Our adjusted tax rate was 17.7% driven by the timing of a number of tax planning-related discrete items that hit in the third quarter that were expected in the second half of 2017. We continue to expect our full year 2017 adjusted tax rate to be approximately 21% or the lower end of our previous range. Bookings growth was strong with growth in both segments and in every strategic business unit. On the Climate side, organic bookings were up mid-single digits in both Commercial HVAC and Transport, and up low single digits in Residential with another quarter of share gains. We also drove high-teens Commercial organic bookings growth in Asia and Europe, Middle East and Africa. Climate organic revenues were also higher, up 3% in the quarter.

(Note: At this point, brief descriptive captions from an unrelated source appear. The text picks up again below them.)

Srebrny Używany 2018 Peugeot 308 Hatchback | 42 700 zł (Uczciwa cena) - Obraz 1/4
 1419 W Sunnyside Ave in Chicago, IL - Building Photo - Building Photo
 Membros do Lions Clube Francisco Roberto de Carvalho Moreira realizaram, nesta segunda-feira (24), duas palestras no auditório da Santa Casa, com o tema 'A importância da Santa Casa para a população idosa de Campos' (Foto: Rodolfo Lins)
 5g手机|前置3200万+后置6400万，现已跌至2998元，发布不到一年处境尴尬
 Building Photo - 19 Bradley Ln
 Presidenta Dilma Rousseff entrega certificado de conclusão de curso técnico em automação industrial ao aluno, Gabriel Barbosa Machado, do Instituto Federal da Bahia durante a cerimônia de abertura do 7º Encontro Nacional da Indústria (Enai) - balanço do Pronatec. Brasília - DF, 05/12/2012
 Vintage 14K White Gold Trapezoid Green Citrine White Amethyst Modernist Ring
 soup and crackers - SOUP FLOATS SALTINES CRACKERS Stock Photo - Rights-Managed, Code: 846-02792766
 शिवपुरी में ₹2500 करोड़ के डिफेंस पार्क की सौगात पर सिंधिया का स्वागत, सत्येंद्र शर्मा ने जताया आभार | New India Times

Our Industrial segment continues on a path of steady improvement and is actually performing a bit better than our guidance with strong organic bookings growth of 5% overall. Compression Technologies had growth across small and medium compressors and particular strength in large compressors. We also drove a 90-basis-point improvement in adjusted operating margins on essentially flat revenues. Flat revenues were also better than our expectations given difficult compares versus Q3 of 2016 as we discussed on our second quarter call.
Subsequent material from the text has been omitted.